Quadratic Equations
Overview
Quadratic equations form a cornerstone topic in upper-primary and secondary mathematics, appearing consistently in JTET Paper II. A quadratic equation is a polynomial equation of degree two, meaning the highest power of the variable is 2. This topic tests both computational skills (finding roots) and conceptual understanding (nature of roots, forming equations).
For JTET, you must master three core competencies: solving quadratic equations using different methods, determining the nature of roots without actually solving, and applying these concepts to word problems. Questions typically involve factorisation, the quadratic formula, and interpreting the discriminant. Real-world applications—such as area problems, age problems, and number puzzles—are common exam themes.
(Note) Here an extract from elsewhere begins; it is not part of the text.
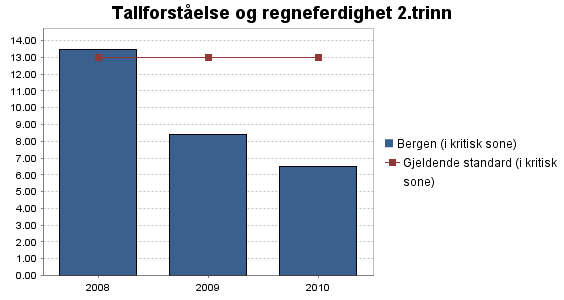 Vurdering: Kartleggingsprøven viser en positiv utvikling med stadig færre elevsvar i kritisk sone. I 2010 var kun 6,5 % av elevsvarene i kritisk sone. 3.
Understanding quadratic equations also builds the foundation for teaching algebraic thinking to upper-primary students, making this topic pedagogically significant beyond mere problem-solving.
Key Concepts
- **Standard Form**: A quadratic equation is written as ax² + bx + c = 0, where a ≠ 0. The coefficients a, b, and c are real numbers, and x is the variable.
- **Roots/Solutions**: The values of x that satisfy the equation are called roots. A quadratic equation has exactly two roots (which may be equal, distinct, or complex).
- **Discriminant (D)**: The expression D = b² − 4ac determines the nature of roots without solving the equation. This is a frequently tested concept.
- **Sum and Product of Roots**: If α and β are roots, then α + β = −b/a and αβ = c/a. These relationships help form equations when roots are given.
- **Methods of Solving**: Three primary methods exist—factorisation (splitting middle term), completing the square, and the quadratic formula. Factorisation is fastest when applicable.
- **Graphical Interpretation**: The graph of y = ax² + bx + c is a parabola. Roots are the x-intercepts where the parabola crosses the x-axis.
Formulas / Key Facts
| Formula | Context | |---------|---------| | ax² + bx + c = 0 | Standard form of quadratic equation | | x = (−b ± √(b² − 4ac)) / 2a | Quadratic formula to find both roots | | D = b² − 4ac | Discriminant formula | | D > 0 | Two distinct real roots | | D = 0 | Two equal real roots (one repeated root) | | D < 0 | No real roots (imaginary roots) | | α + β = −b/a | Sum of roots | | αβ = c/a | Product of roots | | x² − (sum)x + (product) = 0 | Forming equation when roots are known |
**Key Fact**: For JTET level, discriminant questions and factorisation-based problems dominate. Complex/imaginary roots are typically only mentioned conceptually, not computed.